The Dell Rapids Public Library is hosting an AUTHOR SIGNING with Karen Hall on August 9, 2012 from 4 – 6 pm at Jabberwock/Pretty Please.
Karen Hall, a South Dakota author, will never forget her underground tour of the Homestake Mine. “I went into the Homestake Mine in 1980, and I still dream about it. Well, it’s more accurate to say I still have nightmares. What an experience!” Now she’s published a thriller featuring the mine. “It’s haunted me for years. So, I finally decided, why not set the sequel to my first book there? That mine’s a perfect place for a murder. Or for several.”
THROUGH DARK SPACES (Karen Hall Books, May 2012) features a strong female protagonist, Hannah Morrison, a young environmental engineer who uncovers evidence that groundwater in theBlack Hillsis being poisoned. Set in the hard rock gold mining industry of Lead/Deadwood, this book underscores the problems facing people where water is scarce and industry needs a lot of it. “We’re lucky to have clean water here in the Hills,” Hall says. “Future generations will have a much tougher time if we don’t protect our water now.”
The communities of Lead and Deadwood are also important in the book. Hall, who lived there for a short time thirty years ago, says they remind her of a “big old loving—but nosey—family.” Readers familiar with the area will recognize many of the settings, from the Saloon Number 10 to the Midnight Star Casino to the Ross and Yates Shafts of the Homestake Mine, for the book renamed theCheyenneand the Harney.
THROUGH DARK SPACES follows Hall’s 2006 release, UNREASONABLE RISK, a thriller about sabotage in an oil refinery, which also drew on her engineering background.
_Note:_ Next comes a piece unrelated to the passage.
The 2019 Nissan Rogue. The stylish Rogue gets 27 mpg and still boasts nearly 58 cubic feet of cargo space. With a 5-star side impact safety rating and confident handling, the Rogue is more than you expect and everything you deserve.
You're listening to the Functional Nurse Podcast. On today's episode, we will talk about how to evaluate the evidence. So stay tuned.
Hall was in the minority, both as a woman and as a non-traditional older student, when she graduated from the SD School of Mines in chemical engineering and chemistry in 1991. Then she took a job in the oil industry, which employs mostly men. Now she’s writing thrillers – again a field dominated by men.
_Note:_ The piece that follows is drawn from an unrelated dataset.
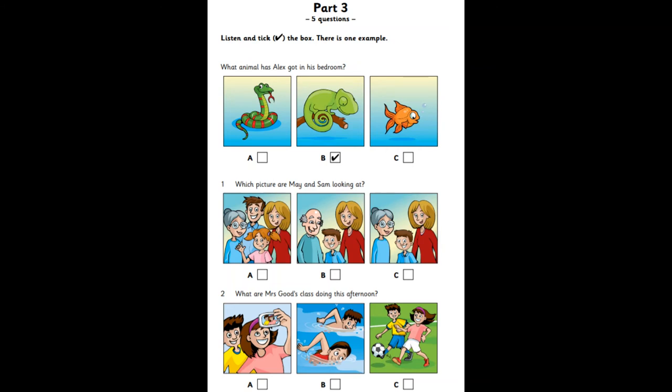What are Mrs. Good's class doing this afternoon? Where are your class this afternoon, Mrs. Good? At their swimming lesson? No. They're in the playground. Are they playing football? Not today. They're taking photos for our class book.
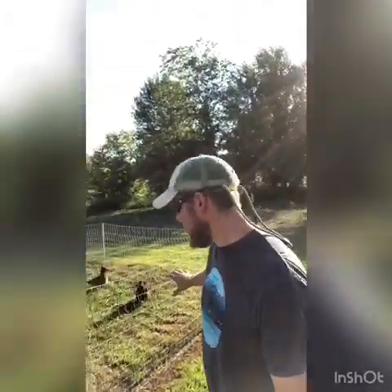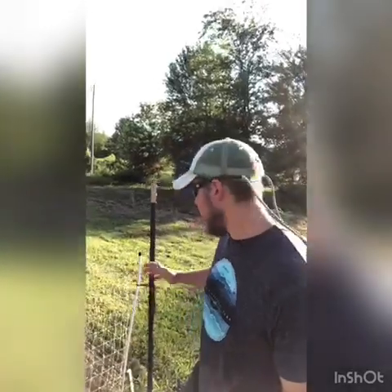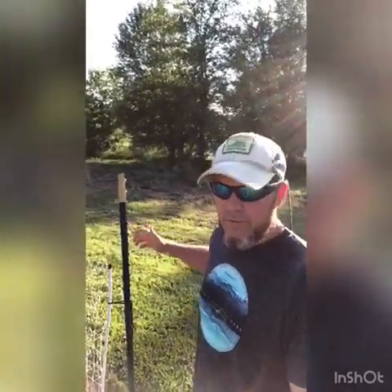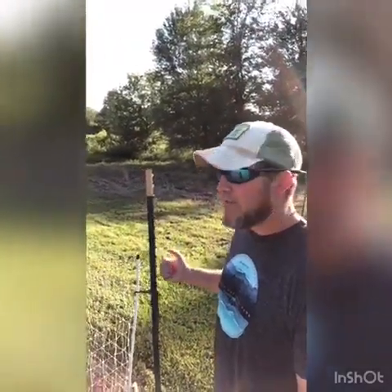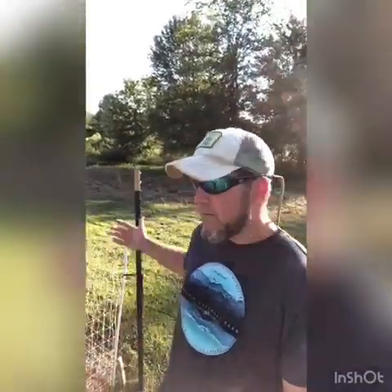We have this electric netting that you see right here. This is from Premier Fencing Company and they sell it in 80-foot sections — it's 49 inches tall. They sell bigger sections too like 120-foot sections, but I like the smaller 80-foot sections because it's easy for one person to handle, pick up, and move around. On the bottom of the white post there's a double spike that goes into the ground to keep the fence from falling over. On the ends I use t-posts — I drive a t-post down into the ground and tie off the fencing to pull it really tight all the way through. I use t-posts on all four corners.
“I wrote these books in part because I want women to read about – and ultimately see – women in careers that have traditionally been occupied by men. It’s another way to plant the ‘you can do anything’ seed in young women’s minds,” Hall said.
Hall and her husband Jeff Nelsen, a member of the Rapid City Area Schools Board of Education, have lived inRapid Citysince 2002. Hall is currently working on a standalone novel, but will soon begin work on the sequel to THROUGH DARK SPACES. It’s a thriller set in the Bakken oil fields of western North Dakota, which she calls “the new crazy-wild west.” She is currently president of the Black Hills Writers Group and a member of the Pennington County Planning Commission. She was also an active member of the committee that wrote the county’s septic system inspection ordinance.
Through Dark Spaces has been released in trade paper and is also available in Kindle e-book format. For more information, contact the author at karen@karenehall.com or visit her website at http://www.karenehall.com.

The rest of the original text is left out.